- Source data
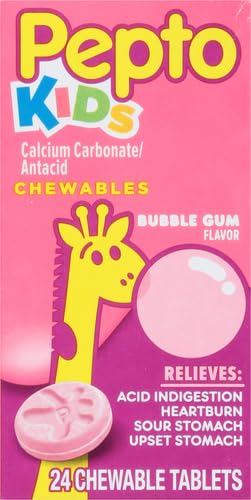 pepto-kids-bubblegum-antacid-tablets-che-2.jpg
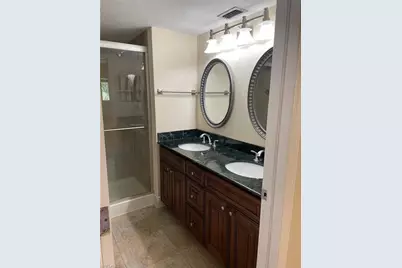 2385 Naples Trace Cir #106, Naples, FL 34109 - Photo 9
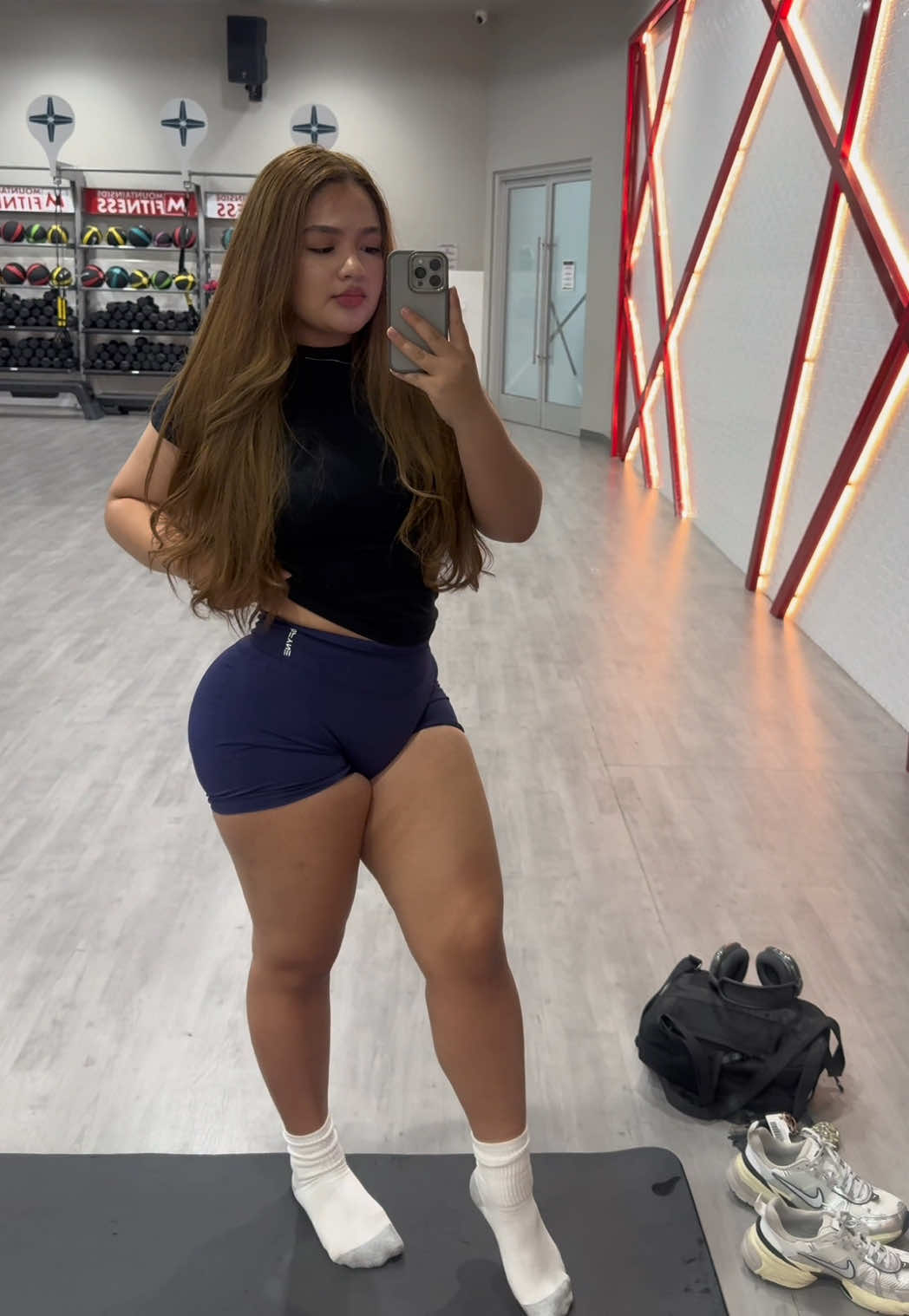 @Yaniriz| FITNESS & LIFESTYLE🌟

- Exercise objective
The whole listing is to be retyped exactly, with its pictures removed.

- Exercise solution
 pepto-kids-bubblegum-antacid-tablets-che-2.jpg
 2385 Naples Trace Cir #106, Naples, FL 34109 - Photo 9
 @Yaniriz| FITNESS & LIFESTYLE🌟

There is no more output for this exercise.